In 1952, filmmaker Elia Kazan named names. As a high-profile artist, suddenly in an impossible position, he could at least continue making pictures. Yet, a conundrum followed. Who would work with him?

Marlon Brando, then at the top of his game, first dissented to work with a rat. In his, and many other eyes, Kazan had ignominiously succumbed to the Red Scare hysteria to the point of incapacitating friends and colleagues in the arts, notably Arthur Miller.

Celebrity composer Leonard Bernstein was among fifty eminent American artists who publicly condemned the flagrant injustices of Senator Joseph McCarthy. As with Brando, the celluloid visions of Kazan proved irresistible for Bernstein.

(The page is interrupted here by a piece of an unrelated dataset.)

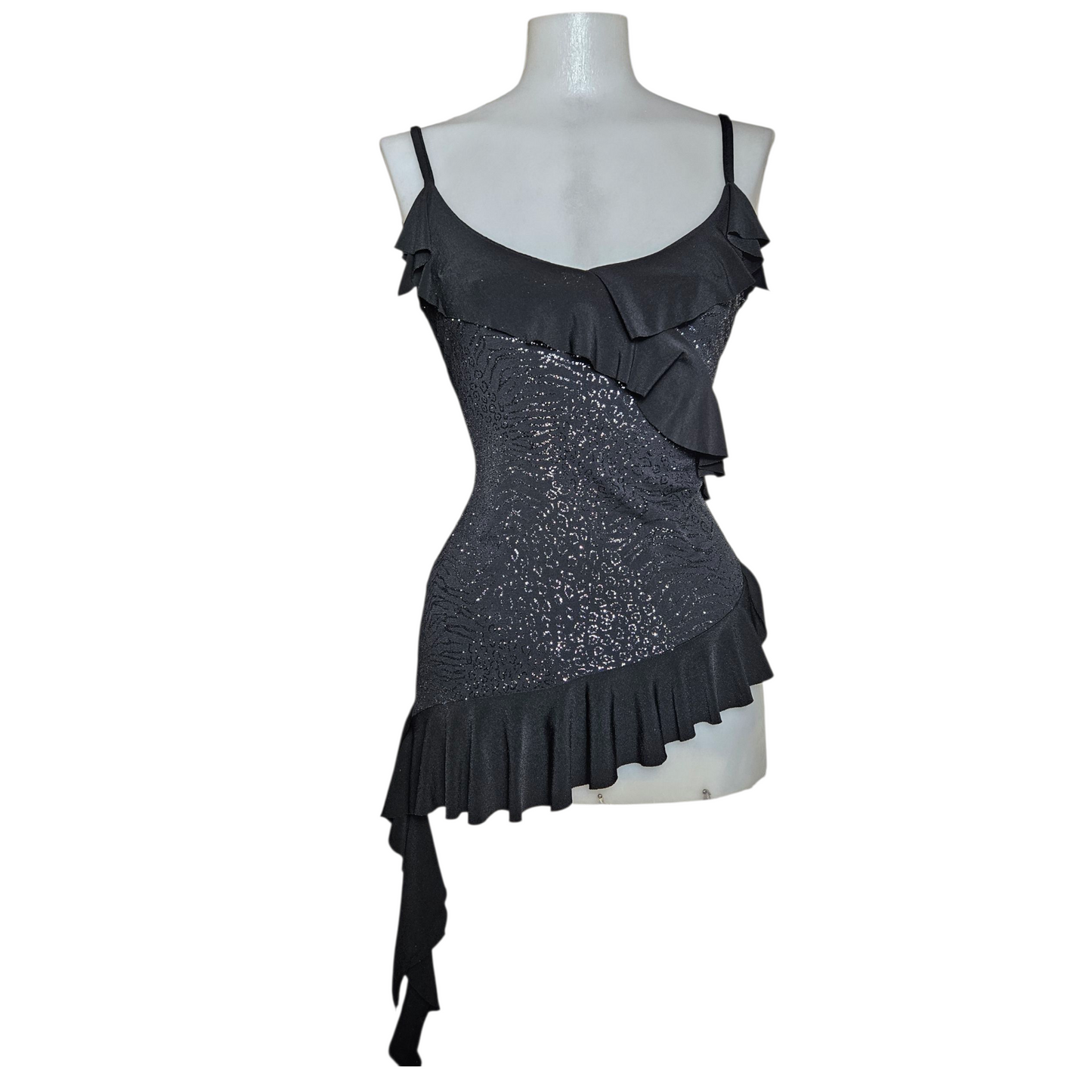 Asymmetrical top with rhinestones and ruffles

Bernstein could not help hearing absolutely inspiring, unwritten music in his head after agreeing to view a rough-cut screening of On the Waterfront. The soundtrack would become his one and only film score for which he was later snubbed an Oscar.

Special guest and artistic advisor Alec Baldwin opened the evening with an amusing anecdote of his sitting with Keith Richards at a book party, hearing from the classic rock guru of his admiration for alternative cinema. Truly, a modern version of On the Waterfront befitting the original would teem with cultural radicalism.

Preceded by such socially conscious hits as Gentlemen's Agreement, starring Gregory Peck as a muckraking journalist out to expose anti-Semitism in America, On the Waterfront was a knockout in the struggle to recognize the plight of the worker as pit against mobster unions.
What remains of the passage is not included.